Provided material:
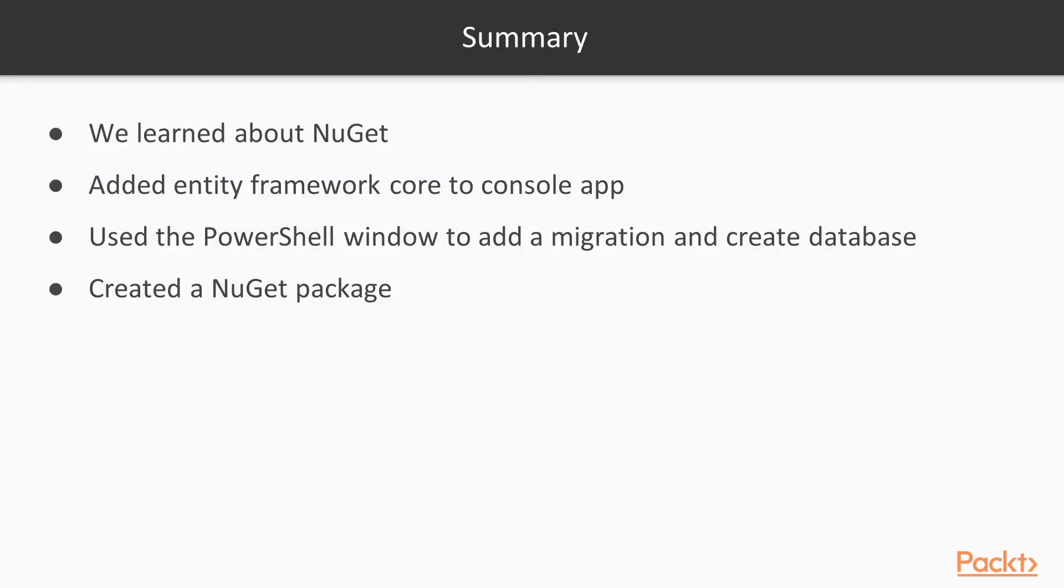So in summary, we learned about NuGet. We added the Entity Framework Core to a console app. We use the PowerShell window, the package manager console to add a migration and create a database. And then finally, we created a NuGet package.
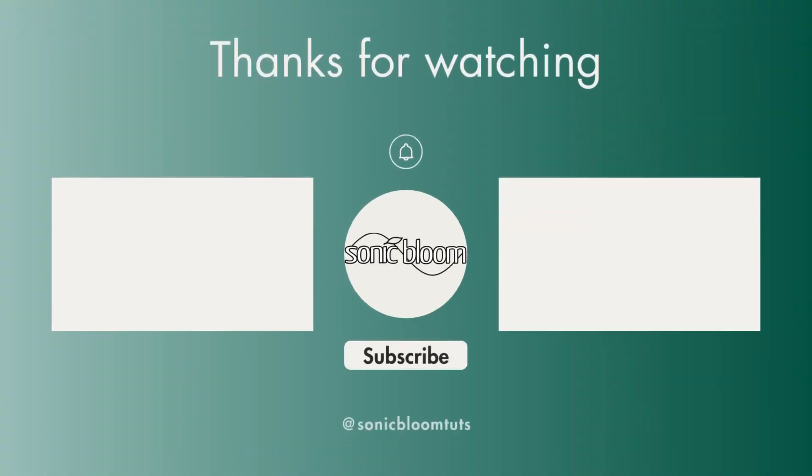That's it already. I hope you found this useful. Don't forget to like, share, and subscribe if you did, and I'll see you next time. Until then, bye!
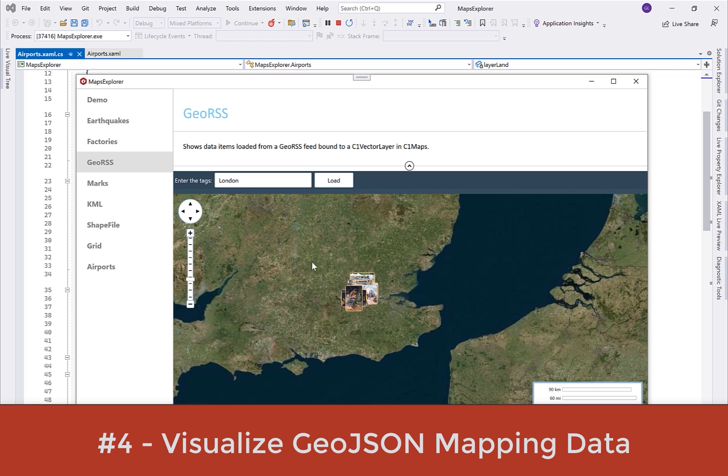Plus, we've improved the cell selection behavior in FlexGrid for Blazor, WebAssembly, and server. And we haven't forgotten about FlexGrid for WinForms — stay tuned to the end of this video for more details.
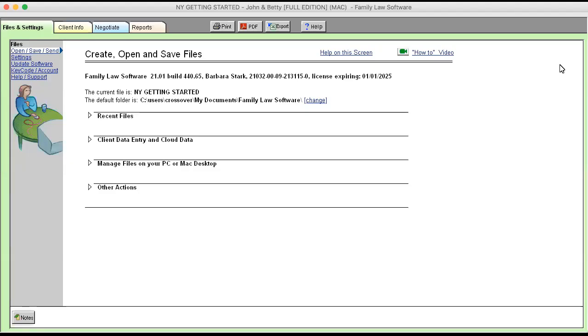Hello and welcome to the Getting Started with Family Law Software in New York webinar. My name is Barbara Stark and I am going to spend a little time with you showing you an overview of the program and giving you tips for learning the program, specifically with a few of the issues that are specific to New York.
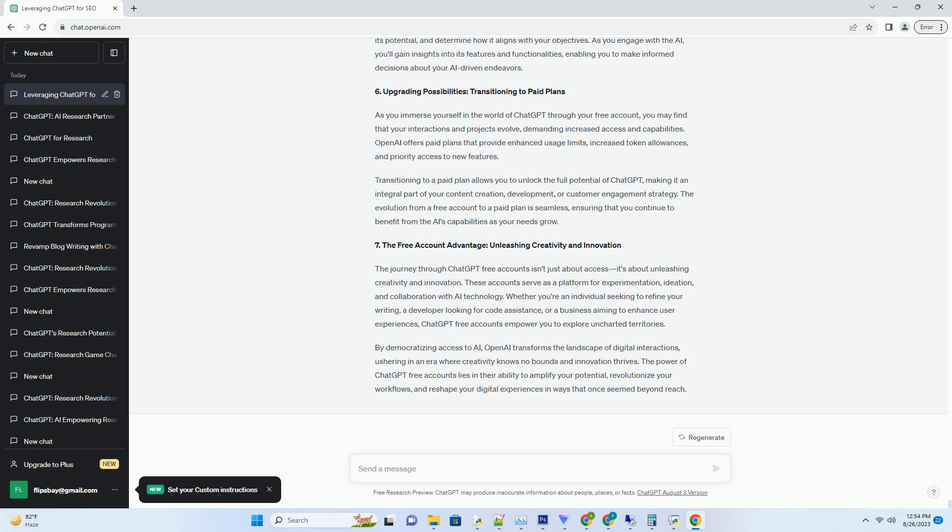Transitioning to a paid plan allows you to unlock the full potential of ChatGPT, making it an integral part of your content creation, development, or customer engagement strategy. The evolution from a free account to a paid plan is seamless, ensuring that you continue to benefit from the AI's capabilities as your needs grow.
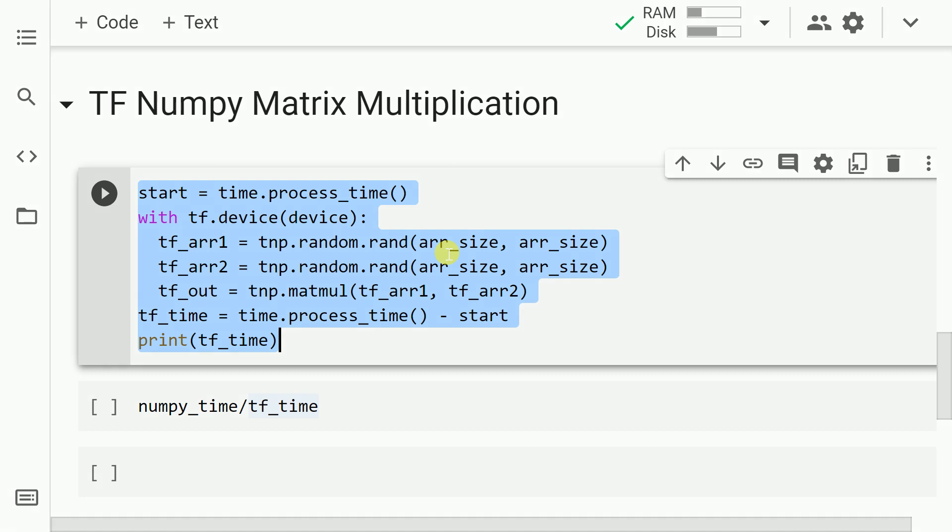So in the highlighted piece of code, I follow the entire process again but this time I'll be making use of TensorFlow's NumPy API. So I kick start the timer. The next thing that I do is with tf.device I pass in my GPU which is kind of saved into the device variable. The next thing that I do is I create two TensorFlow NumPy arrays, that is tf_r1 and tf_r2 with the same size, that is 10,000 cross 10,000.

Activity: Please retype every record above exactly, leaving out the pictures.

Answer to this exercise:
So in summary, we learned about NuGet. We added the Entity Framework Core to a console app. We use the PowerShell window, the package manager console to add a migration and create a database. And then finally, we created a NuGet package.
That's it already. I hope you found this useful. Don't forget to like, share, and subscribe if you did, and I'll see you next time. Until then, bye!
Plus, we've improved the cell selection behavior in FlexGrid for Blazor, WebAssembly, and server. And we haven't forgotten about FlexGrid for WinForms — stay tuned to the end of this video for more details.
Hello and welcome to the Getting Started with Family Law Software in New York webinar. My name is Barbara Stark and I am going to spend a little time with you showing you an overview of the program and giving you tips for learning the program, specifically with a few of the issues that are specific to New York.
Transitioning to a paid plan allows you to unlock the full potential of ChatGPT, making it an integral part of your content creation, development, or customer engagement strategy. The evolution from a free account to a paid plan is seamless, ensuring that you continue to benefit from the AI's capabilities as your needs grow.
So in the highlighted piece of code, I follow the entire process again but this time I'll be making use of TensorFlow's NumPy API. So I kick start the timer. The next thing that I do is with tf.device I pass in my GPU which is kind of saved into the device variable. The next thing that I do is I create two TensorFlow NumPy arrays, that is tf_r1 and tf_r2 with the same size, that is 10,000 cross 10,000.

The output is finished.